Tuesday, January 29, 2008

Is U.S. in Recession?

The Wall Street Journal has an interesting blog post up discussing this question:

"Stanford economist Robert Hall, chairman of the National Bureau of Economic Research committee that dates recessions, is far from announcing whether such an event has started. But he and his colleagues on the NBER’s Business Cycle Dating Committee have taken a key step: The usually dormant panel has started discussing the economic data."

They also have the National Bureau of Economic Research definition of a recession:
“A significant decline in economic activity spread across the economy, lasting more than a few months, normally visible in real GDP, real income, employment, industrial production, and wholesale-retail sales.”

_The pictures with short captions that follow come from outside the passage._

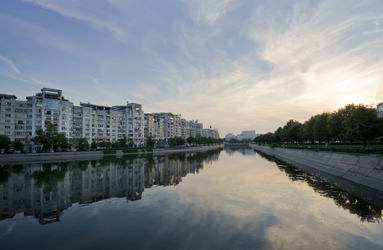 Prețurile locuințelor ating un nou maxim, dar în termeni reali creșterea a fost aproape anulată de inflație. Tranzacțiile au scăzut 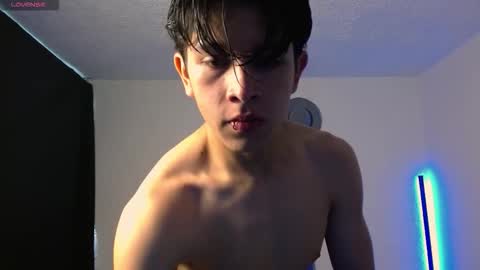 Adrian  Chlloe online show from November 2025 04:47:01 PM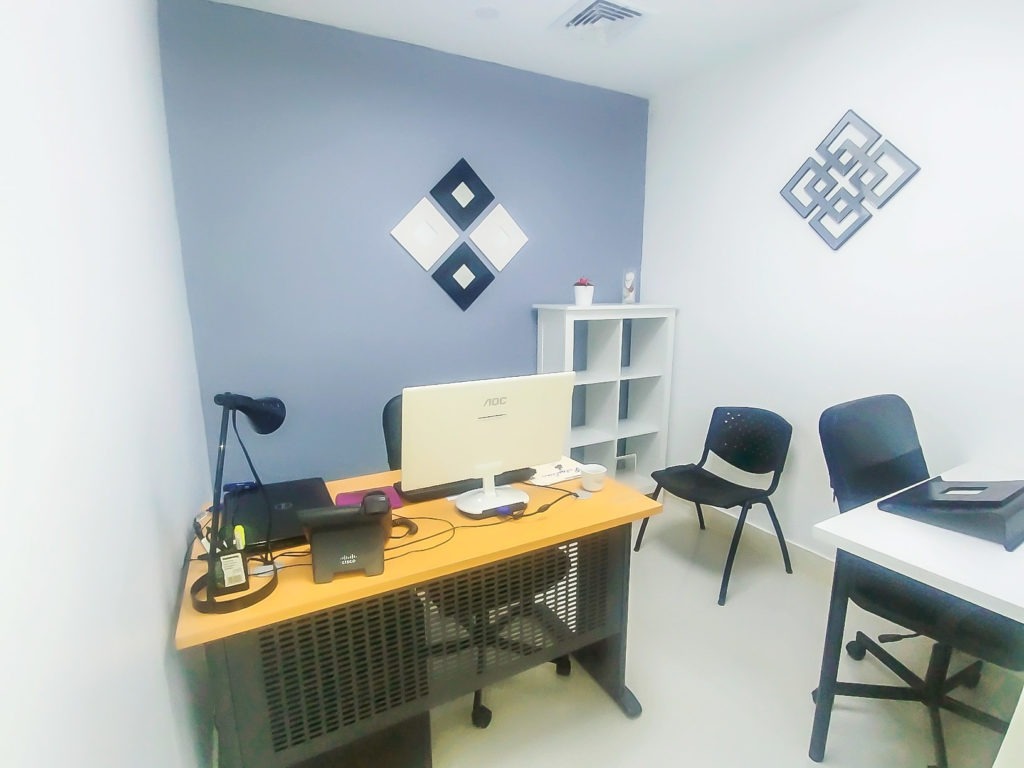 FreeWorking photo 2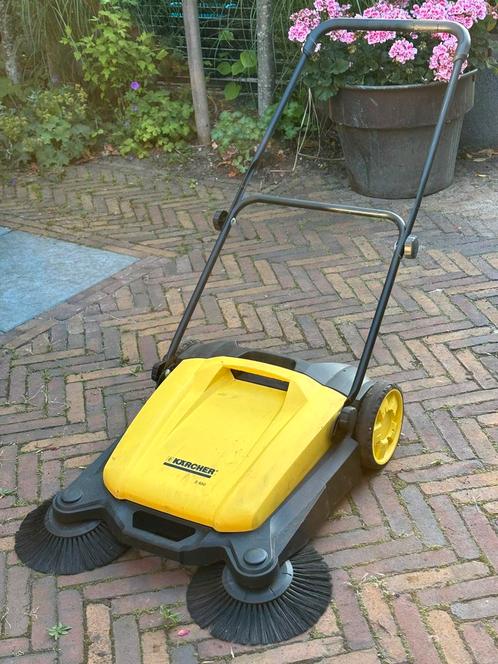 Kärcher S 650 hand veeg machine voor binnen en buiten, Tuin en Terras, Veegmachines, Gebruikt, Ophalen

It is sort of amazing that the US is so accustomed to "constant growth" that a simple recession could be causing so much anxiety not only in the US but across the globe. I say simple recession here because it is not even confirmed we are in one, although most economists of all stripes are now agreeing we are heading towards one. The argument now is going to be how deep and long this coming recession lasts - but - again - I am still shocked at just how much a panic there seems to from the mere word. Recessions happen in capitalist societies/economies - they are normal and probably healthy. I think the real fear here is that people know or feel (even if they are not saying so) that there may be a realignment of the US economy to what I call a more mature economy - that is - an economy of slower growth and demand overall. With the ever rising price of energy costs and the end of cheap credit to American consumers (due to not only the crashing housing market but to tighter credit world wide), maybe the American economy in the next several years will look a lot more like the economies of the EU - and I don't think that would be such a bad thing.